__Brief__
Give the data below again exactly as written, but without the pictures.

[Extracted records]
━━━━━━━━━━━━━━━━━━━━

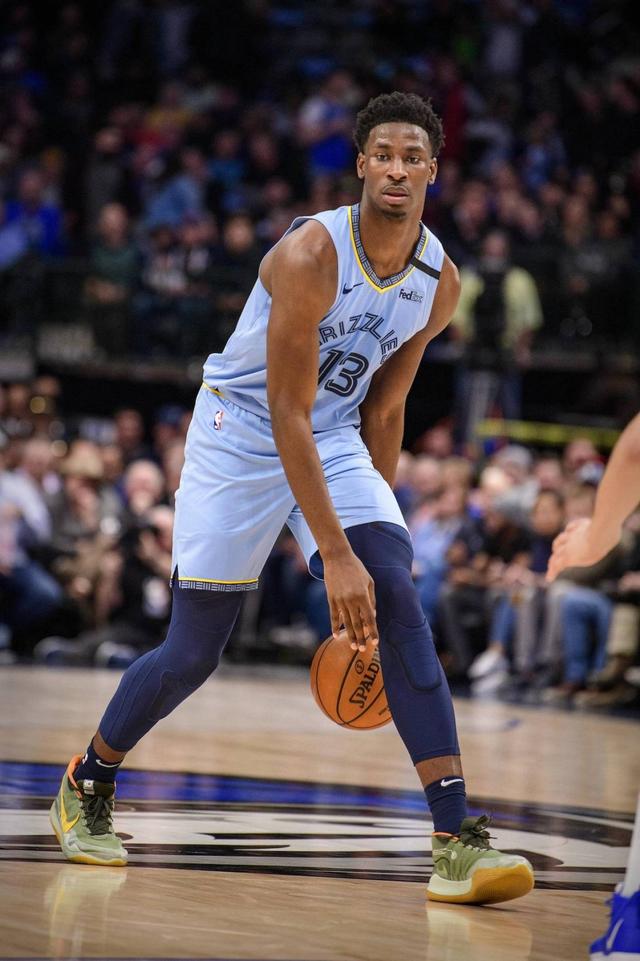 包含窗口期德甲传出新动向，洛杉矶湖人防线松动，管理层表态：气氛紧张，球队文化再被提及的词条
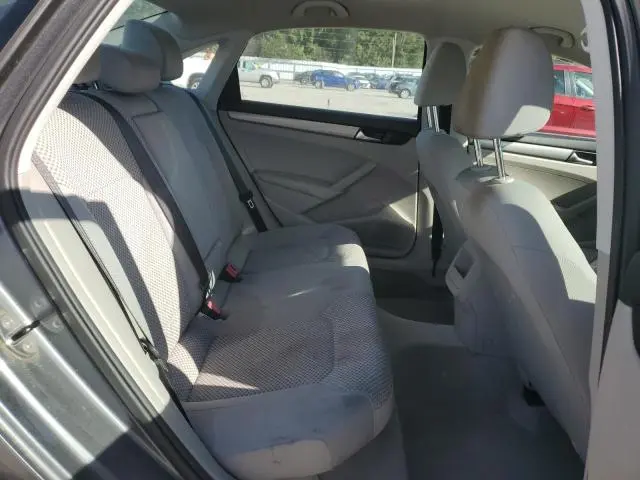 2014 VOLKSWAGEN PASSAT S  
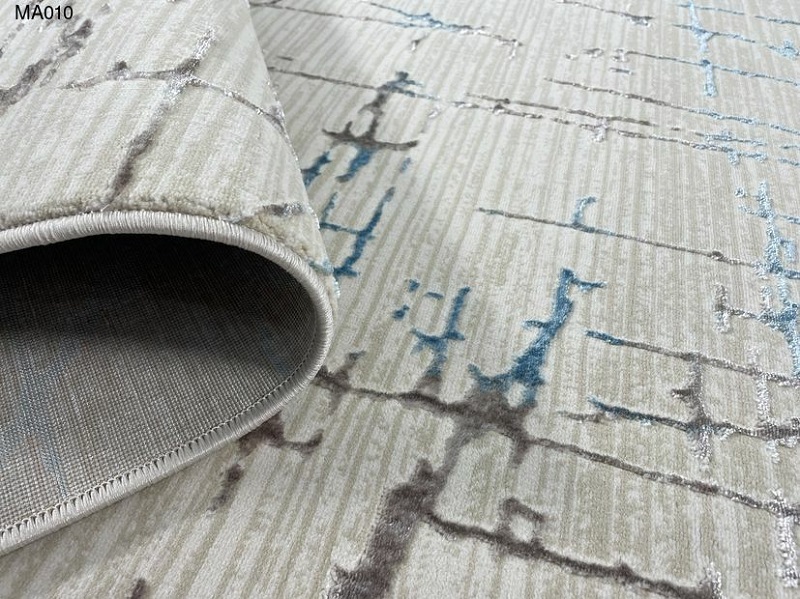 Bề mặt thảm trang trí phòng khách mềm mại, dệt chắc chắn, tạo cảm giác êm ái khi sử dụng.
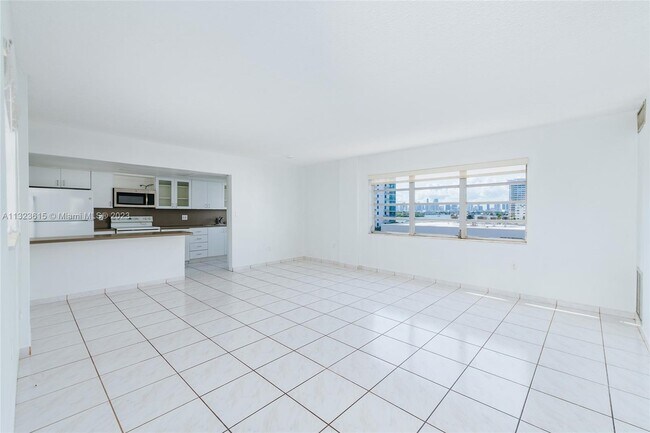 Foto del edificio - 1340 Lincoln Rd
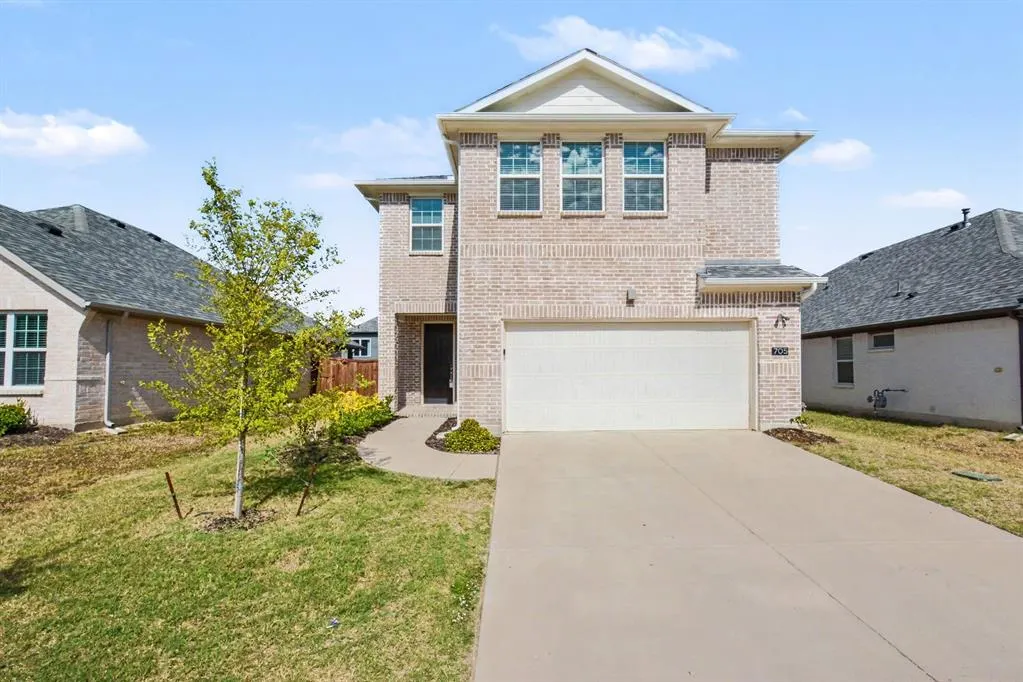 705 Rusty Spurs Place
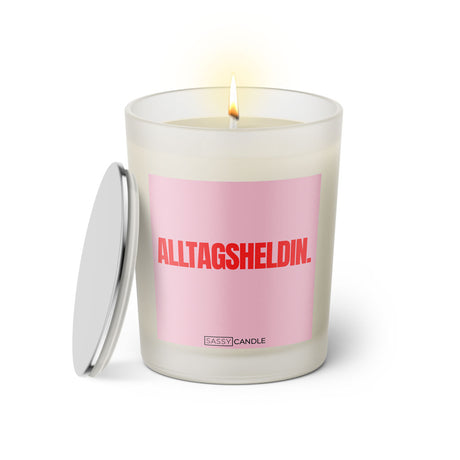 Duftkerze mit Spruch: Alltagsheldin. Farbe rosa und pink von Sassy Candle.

━━━━━━━━━━━━━━━━━━━━

__Answer area__
 包含窗口期德甲传出新动向，洛杉矶湖人防线松动，管理层表态：气氛紧张，球队文化再被提及的词条
 2014 VOLKSWAGEN PASSAT S  
 Bề mặt thảm trang trí phòng khách mềm mại, dệt chắc chắn, tạo cảm giác êm ái khi sử dụng.
 Foto del edificio - 1340 Lincoln Rd
 705 Rusty Spurs Place
 Duftkerze mit Spruch: Alltagsheldin. Farbe rosa und pink von Sassy Candle.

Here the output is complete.